# [WHAT THE TASK REQUIRES]
Transcribe only the part of the material below that begins at the line containing "Dear brothers and" and ends at the line containing "Next, choose the", with both kept and images left out.

# [INPUT MATERIAL]
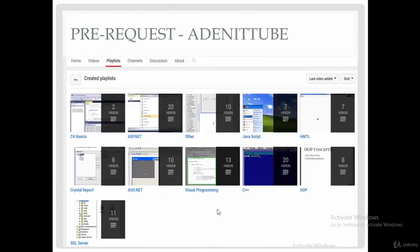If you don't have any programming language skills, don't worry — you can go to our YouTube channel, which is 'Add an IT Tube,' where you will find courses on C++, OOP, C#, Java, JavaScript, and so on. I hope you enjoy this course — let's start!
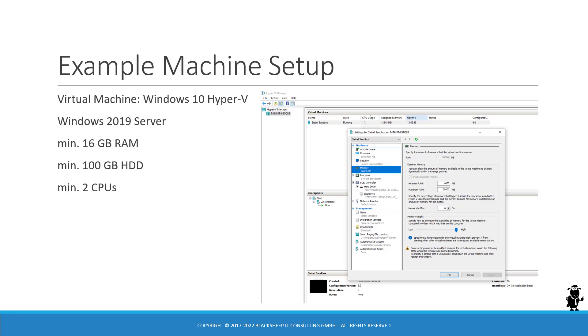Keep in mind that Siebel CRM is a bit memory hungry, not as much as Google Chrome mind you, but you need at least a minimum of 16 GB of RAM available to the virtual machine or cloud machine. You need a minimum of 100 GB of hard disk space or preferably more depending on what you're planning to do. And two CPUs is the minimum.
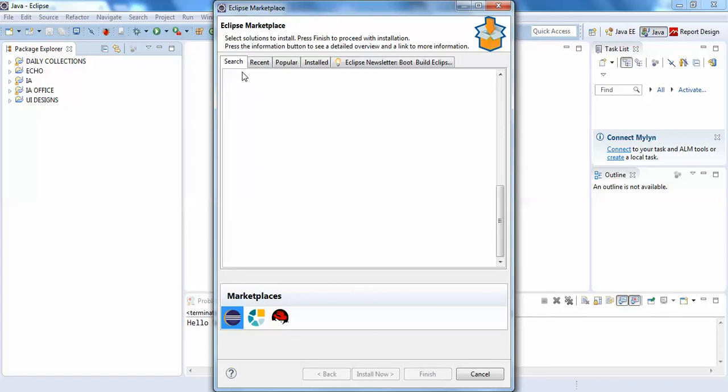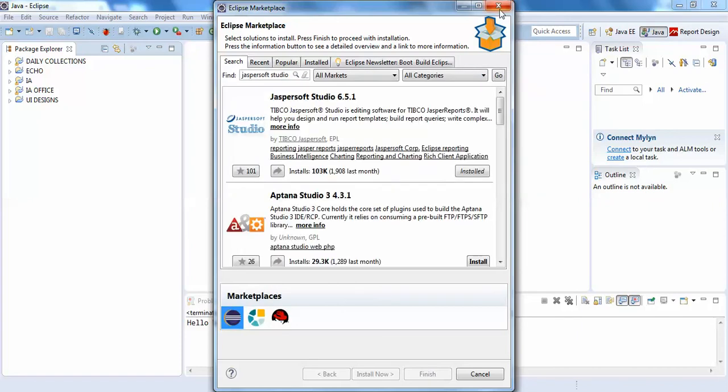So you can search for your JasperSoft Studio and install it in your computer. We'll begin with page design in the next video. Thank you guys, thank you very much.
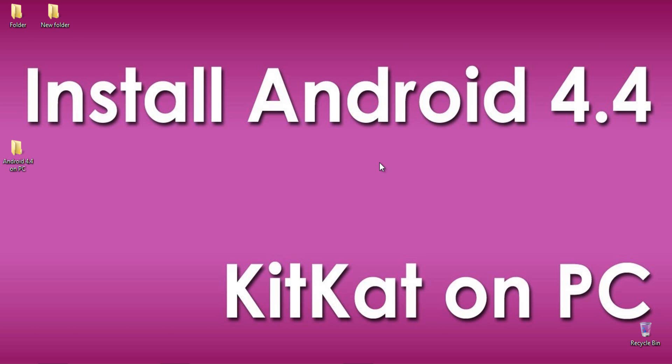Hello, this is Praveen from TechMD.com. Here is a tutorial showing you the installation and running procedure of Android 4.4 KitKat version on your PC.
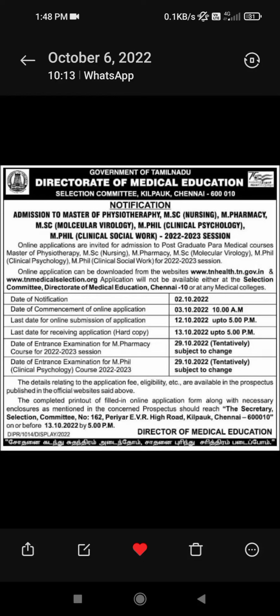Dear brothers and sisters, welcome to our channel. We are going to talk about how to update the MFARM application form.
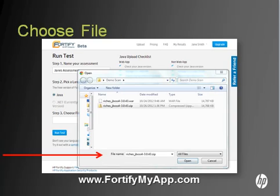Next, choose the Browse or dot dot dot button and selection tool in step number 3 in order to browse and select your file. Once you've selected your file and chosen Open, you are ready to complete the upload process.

* * *

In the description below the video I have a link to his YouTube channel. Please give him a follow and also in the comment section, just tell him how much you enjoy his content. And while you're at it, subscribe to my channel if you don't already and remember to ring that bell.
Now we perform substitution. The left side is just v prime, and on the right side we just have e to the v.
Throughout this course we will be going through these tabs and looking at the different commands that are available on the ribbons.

# [SOLUTION TO THE EXERCISE]
Dear brothers and sisters, welcome to our channel. We are going to talk about how to update the MFARM application form.
Next, choose the Browse or dot dot dot button and selection tool in step number 3 in order to browse and select your file. Once you've selected your file and chosen Open, you are ready to complete the upload process.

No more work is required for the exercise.